» **ACTION ITEM**: Pictures excluded, please transcribe exactly the lines from the one with "Naproz Airco Sokken Heren Beige 39-42 3 Paar" through the end of the records below, and nothing more.

--- RECORD SET ---

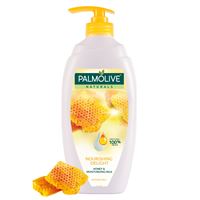 פלמוליב נטורלז תחליב רחצה מועשר ברכיבים איכותיים של חלב ודבש לעור רך וחלק אקופארם - ecopharm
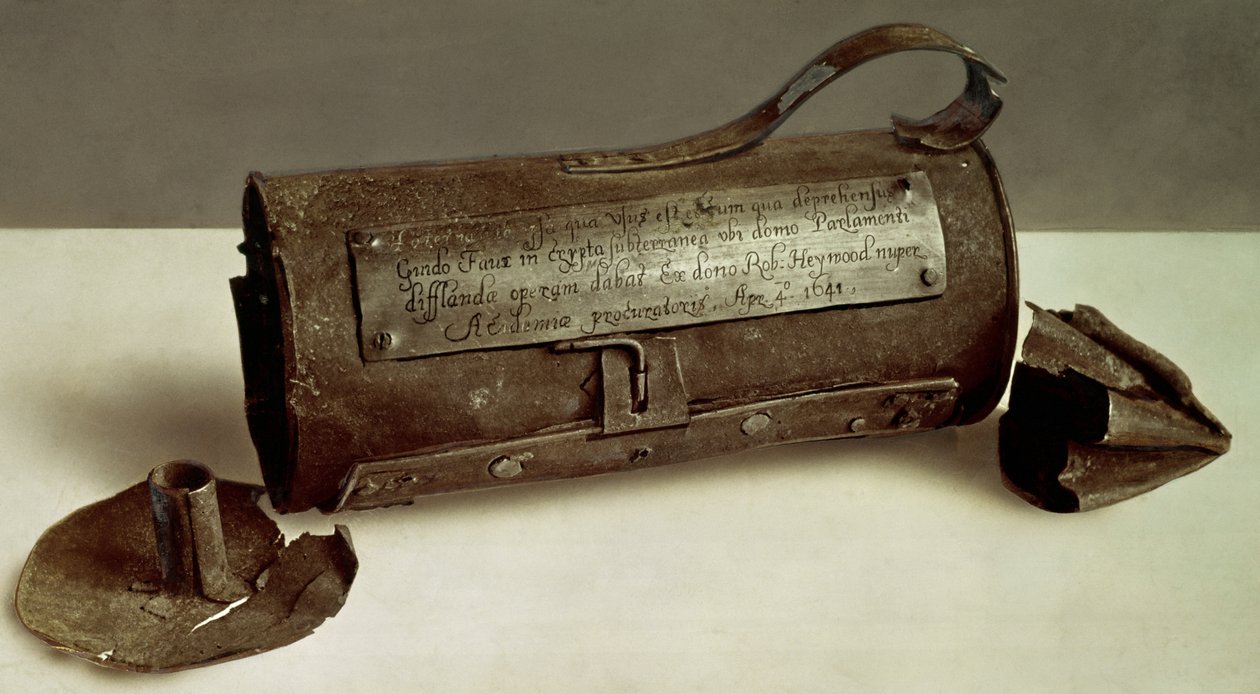 Lykta som tillhör Guy Fawkes (1570-1606) (metall) (se även 114297) av English School
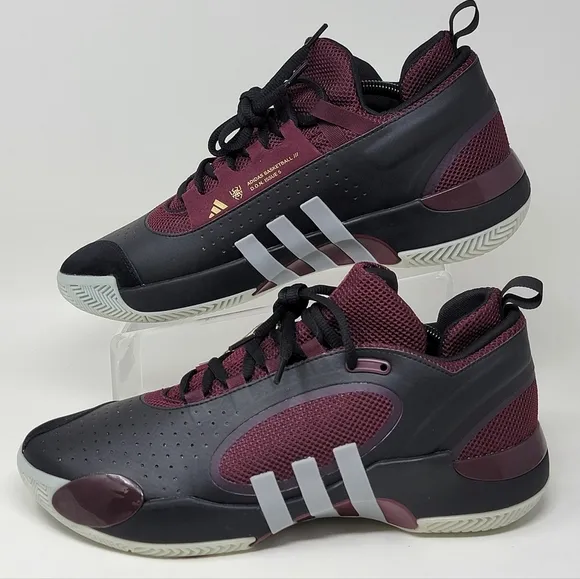 Adidas D.O.N. Issue 5 Basketball Shoes Team Maroon 2/Black Men's Size 11.5 New
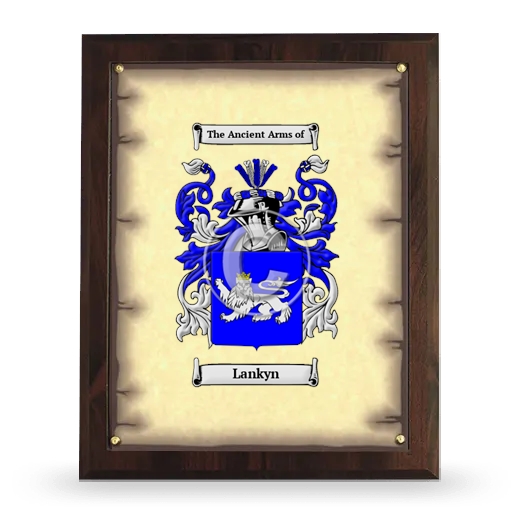 Lankyn Coat of Arms Plaque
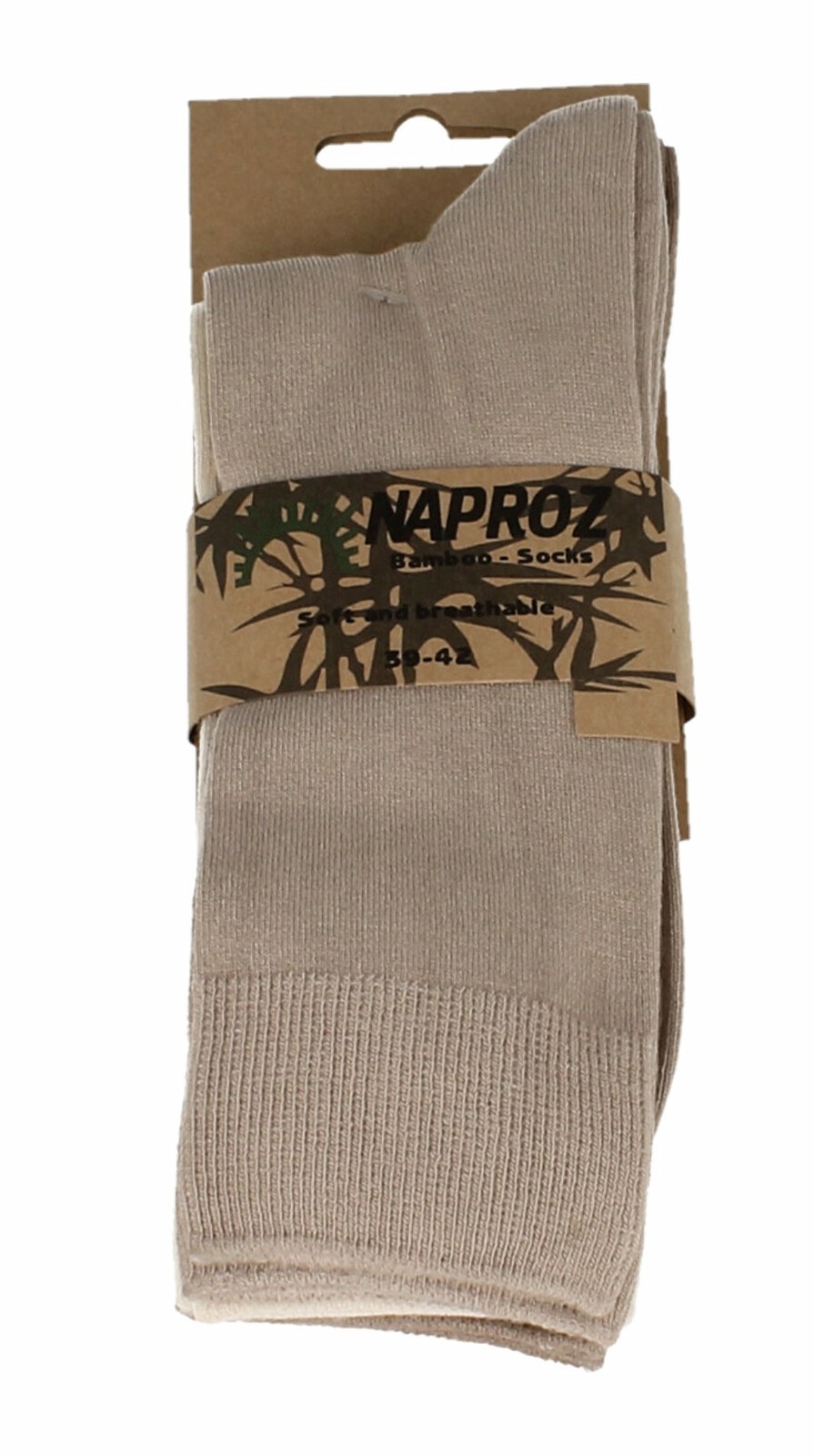 Naproz Airco Sokken Heren Beige 39-42 3 Paar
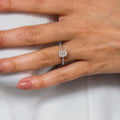 1.50 Ct Cushion Cut Moissanite Engagement Ring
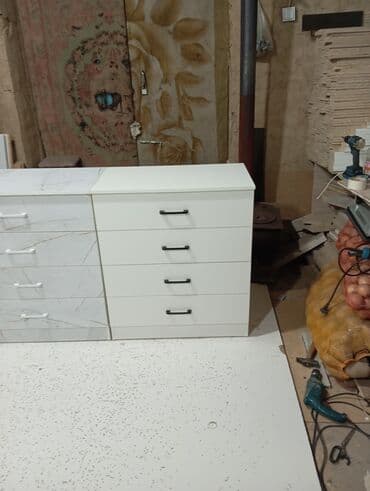 Комоды для одежды: Комод для одежды, Новый, Без зеркала, ЛДСП, цвет - Белый, Бежевый, Самовывоз, Бесплатная доставка, Платная доставка — 10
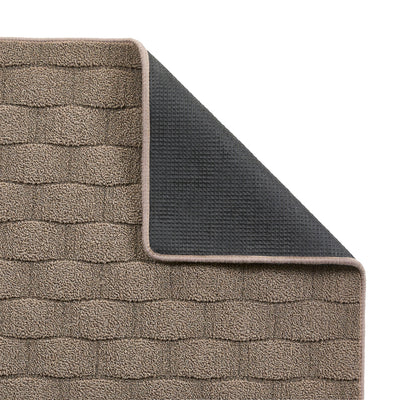 Sculptured Washable Basketweave Rug Mink 4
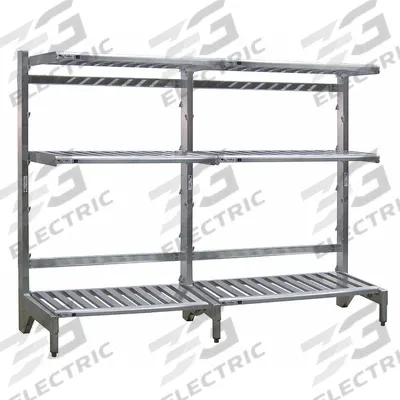 NEW AGE INDUSTRIAL Cantilever Rack: 84 in x 21 in x 72 in, 3 Shelves - Lightweight Corrosion-Resistant Cantilever Shelving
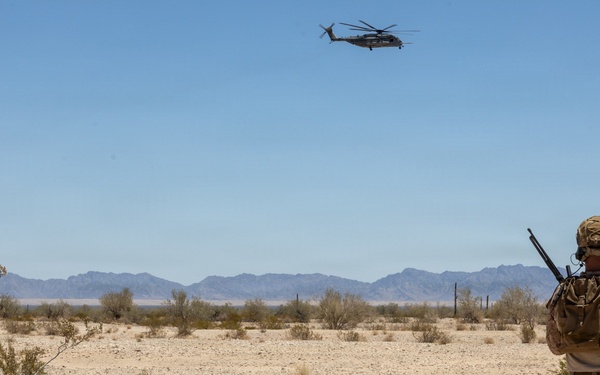 13th MEU BLT 2/4 Conducts a Simulated Sensing Expeditionary Advanced Base Mission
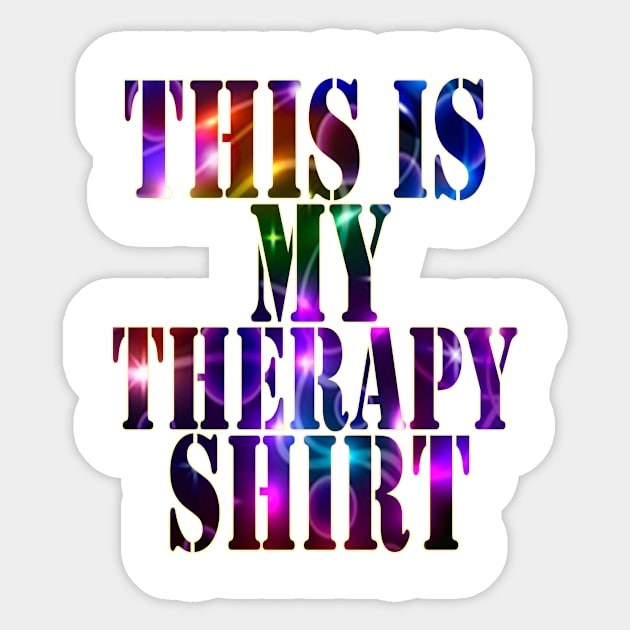 Therapy Shirt Sticker by TomUbon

---

» **RESULT BELOW**:
 Naproz Airco Sokken Heren Beige 39-42 3 Paar
 1.50 Ct Cushion Cut Moissanite Engagement Ring
 Комоды для одежды: Комод для одежды, Новый, Без зеркала, ЛДСП, цвет - Белый, Бежевый, Самовывоз, Бесплатная доставка, Платная доставка — 10
 Sculptured Washable Basketweave Rug Mink 4
 NEW AGE INDUSTRIAL Cantilever Rack: 84 in x 21 in x 72 in, 3 Shelves - Lightweight Corrosion-Resistant Cantilever Shelving
 13th MEU BLT 2/4 Conducts a Simulated Sensing Expeditionary Advanced Base Mission
 Therapy Shirt Sticker by TomUbon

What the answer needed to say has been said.